The trace handler module system offloads the formatting and filtering from the processor. Especially the filtering implies runtime variations (trace or skip). The processor trace overhead is minimal and unconditionally. The system behavior does not depend on the trace message, especially the trace data nor the trace filter.
The bus slave converts the specific bus protocol to a simple strobe-based one. The specific bus address space depends on the design-time constants. The bus slave never inserts wait- cycles (READY is always high).
It is preferred that at design-time of the trace handler module system following symbols are defined assuming a function b(n)= \log2(ji)], which returns a number of bits required to encode n different values: BUSAWID defining a chip-internal bus address width, BUSDWID defining a chip- internal bus data width, LEVELWID defining a level width of a trace level of the trace message, TYPEWID defining a type width of a trace message type identifier and CHANWID defining a channel width of a trace channel as a transport protocol layer entity to separate different trace messages during transmission between the bus master and the bus slave, b (n) is the rounding up of a log2 operation on n. The above mentioned symbols BUSAWID, bus address width; BUSDWID, Bus data width; LEVELWID, Level width, which is optional and can be 0; TYPEWID, Type width, which is optional and can be 0; and CHANWID, Channel width, define the design-time constants, which influence implementation details and should therefore to be chosen before.
In a variant of the inventive trace handler module system, the trace handler module system uses different slices of the bus ADDR-signal to extract trace meta data of the trace message for generating a trace data stream. The LSBs of the bus ADDR-signal are up to the bus slave to interpret. The trace handler module system uses them for extracting the trace meta data.
In other variants of the inventive trace handler module system, one slice of the bus ADDR-signal defines a data marker (IS_DATA) which specifies the trace message payload bytes. Another slice of the bus ADDR-signal defines an end marker (IS_END) which specifies to close a channel.
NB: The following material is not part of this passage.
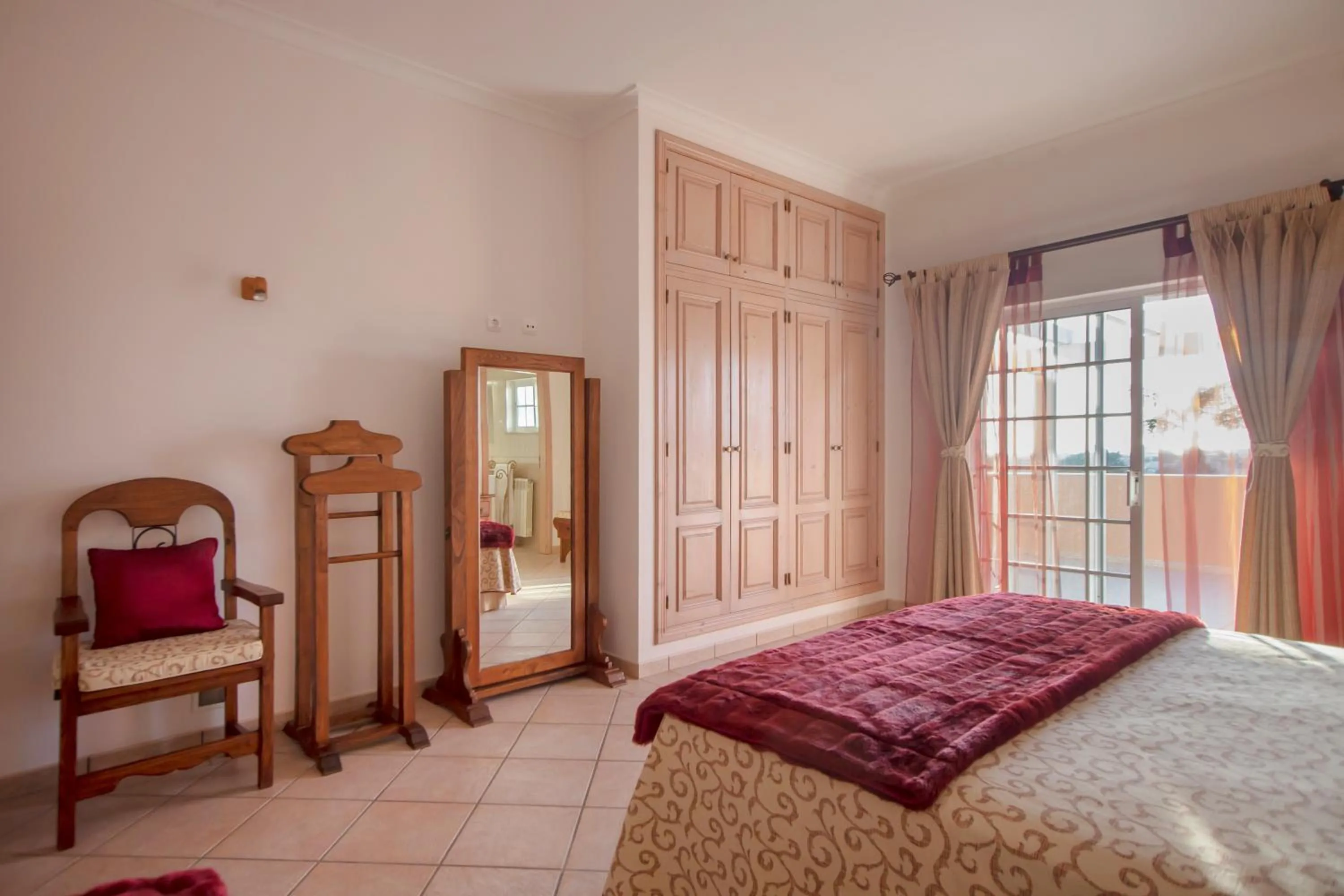 Bedroom, Bed in Al Meida Guesthouse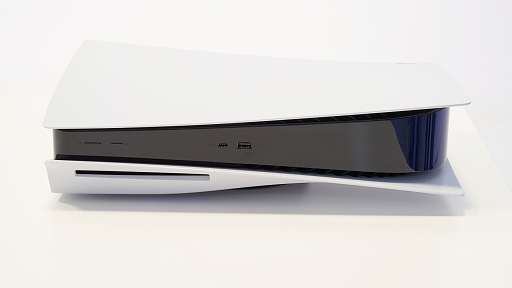 画像ギャラリー No.009のサムネイル画像 / 8K写真で見るPlayStation 5本体とDualSense。本体は静音性に優れ,ゲームパッドは新しくも実用的に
A further slice of the bus ADDR-signal defines the trace level (LEVEL) which specifies classes relevance of the trace message. Another slice of the bus ADDR-signal defines the trace type (TYPE) which specifies the trace message type identifier. And one slice of the bus ADDR-signal defines the trace channel (CHAN) which specifies a trace channel number. Table 1 in figure 3 describes the slices to be extracted from the bus ADDR-signal.
In a further variant of the inventive trace handler module system, the input logic is fed by a timebase which delivers a header timestamp, which is captured and forwarded to the FIFO shift register. The input logic is responsible for timestamping, filtering and channel allocation. For timestamping a timebase delivers the header timestamp, which is captured and forwarded to the FIFO. A trace header contains meta information for one trace message - a timestamp and a trace type. A trace timestamp is a timestamp of an event, which triggered the trace message.
The filtering can be done in different flavors, which are fully orthogonal to each other.
So, in variant of the inventive trace handler module system, the input logic filters the trace message according to the trace level, whereas depending on a configured minimum trace level, a specific message is discarded or forwarded to the FIFO shift register. Every trace message has a trace level which is fixed and which is defined at design time. A trace level categorizes the trace messages into classes of relevance, i. e. INFO, WARN, ERROR. Depending on a runetime- configured minimum trace level, a specific message is discarded or forwarded.
And in another variant of the inventive trace handler module system, the input logic filters the trace message according to the trace message type identifier, whereas depending on a configured trace message type identifier, a specific message is discarded or forwarded to the FIFO shift register. Every trace message has a trace type which is defined at design time. The trace type identifies the trace message and its content. Depending on a runtime-configured trace type filtering by the trace handler module system, a specific message is discarded or forwarded.
And in another further variant of the inventive trace handler module system, the input logic filters the trace message based on other trace meta data extracted from the bus ADDR-signal. It is possible to encode other trace meta data using the same approach of the TYPE and LEVEL. It is up to the implementation to handle more or less of this data and include it in the filter condition.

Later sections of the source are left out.